Carrió apuntó los dardos a sus socios y peligra el Acuerdo Cívico

En su andanada contra Cobos y Hermes Binner, la líder de la C.C. jugó en la cornisa. El dilema de la ruptura o estar unidos hasta 2011.
Si el Acuerdo Cívico y Social venía tambaleando desde hace tiempo, las últimas declaraciones de Elisa Carrió, contra Julio Cobos y Hermes Binner especialmente, terminaron por demostrar que las diferencias hoy son enormes.

"El Acuerdo funciona como acuerdo parlamentario, como acuerdo político está estancado". En esos términos describió un importante dirigente radical la situación que atraviesa la alianza formada por la Unión Cívica Radical, la Coalición Cívica, el socialismo y el GEN (de Margarita Stolbizer). En ese marco, la actitud de Carrió no parece estar favoreciendo.

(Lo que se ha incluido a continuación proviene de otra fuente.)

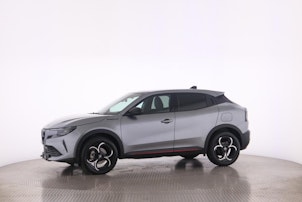 Vehicle image ALFA ROMEO Junior 1.2 Ibrida Speciale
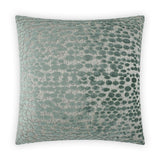 Markle Pillow - Seaglass - DV Kap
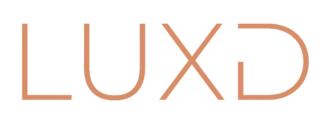 LUXD
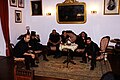 Banda musical Anomally, filmagem feita na Villa Maria para o CD While the Gods Sleep, 6, Arquivo de Villa Maria, Terceira, Açores.jpg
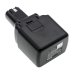 Battery Replaces 981078-001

Desde la Coalición Cívica, prefieren no hablar por ahora de 2011 y piensan en los acuerdos parlamentarios. "Hay un cansancio con algunas posturas, tanto de Cobos como también del socialismo, que acompañó en el tema AFJP y permitió el vaciamiento de la ANSES y también la Ley de Medios. Hay un hartazgo de estos ‘ni’", expresó una fuente que suele estar cerca de Lilita. "Y Cobos demostró lo que es, un especulador", agregó. Las críticas de Carrió hacia el vicepresidente son conocidas desde hace tiempo. En medio del conflicto del Gobierno y el Central, afirmó que "no se puede ser opositor y vicepresidente al mismo tiempo" y también que "a los ojos internacionales" Cobos "es conspirativo". Y ahí disparó también contra el resto del partido: "El era radical, rompe el radicalismo, lleva parte del radicalismo con Kirchner y después, cuando Kirchner pierde legitimidad, vuelve al radicalismo y el radicalismo lo acepta". En la última semana, Lilita se encargó de remarcar una y otra vez que Cobos "votó con el Gobierno" al aconsejarle a la Presidenta, desde la comisión bicameral, la remoción de Redrado.

Sin embargo, ahora también le empezó a pegar al gobernador santafesino, Binner, que es otro de los presidenciables del Acuerdo Cívico. "Confío en que la gente del socialismo no sea arrastrada por algún acuerdo entre Binner y Cristina Kirchner", aseveró, en relación con el tratamiento en el Congreso del Fondo del Bicentenario. Los socialistas se encargaron de salir a repudiar sus dichos y a aclarar que su postura era contraria al decreto presidencial (ver aparte).

En el radicalismo ya piensan en "sincerar las posiciones" para definir el futuro del Acuerdo Cívico. El presidente del partido, Ernesto Sanz, comparó la situación con la de un matrimonio. "Prefiero tener una separación madura y cada uno se va a su casa, que mantener una relación como la de esos matrimonios que durante mucho tiempo comparten el mismo techo pero ni se hablan", señaló.